今いるヤマミの『分霊』は本体が生きている限り、効力は半永久的に続く。それに本体と違って刻印がついていないので支配は及ばない。そこだけは安心できた。
──でも殺されたら…………。
そうはさせない!!
「必ずヤミザキを倒して、ヤマミの“全て”を取り戻してみせるぞっ!!」
すると涙目に潤んだヤマミは、こちらの足にしがみついて嗚咽した。
そんな彼女の悲哀に、オレの決意が更に昂ぶっていく……。
あとがき雑談w
終戦後、そのままドンチャン騒ぎして一泊後────。
アテナ「あなたたち、お疲れ様です」
クッキー「こんな缶開けてたのねー」
アリエル「久しぶりに楽しかったわぁ~」
ヤミロ「うぷ、二日酔い慣れねぇぜ……」(錠剤パリポリ)
ゴミをまとめて袋に入れて、去る場所を綺麗にして、さっぱりしてから解散。
クッキー「昔を思い出すなぁ……。

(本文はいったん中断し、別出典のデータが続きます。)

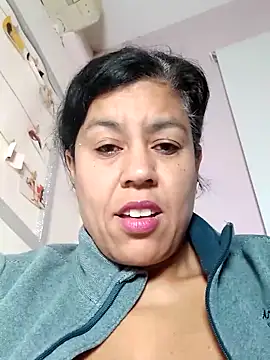 Snapshot of Molly_newman6 chatting on March 2025 05:41:02 AM Molly newman6 online show from March 2025 05:41:02 AM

仲間を増やして強敵に勝ったりとか、色々あったなー。しんみり懐かしいなー」
『究極完全体クラッシュオーガ(???)』
倒された主力の人造人間を融合させて、それをオカマサとドラゴリラが自分のコントロール権で融合して完成される外道の創造。
容姿はゲームのラスボスのように、複数の人造人間が浮かび出ている異形。
四本足に、大きな両腕、股間と首に二つの頭。
瞬間回復の劇薬を6000万個も収納する最凶かつ不死身の存在。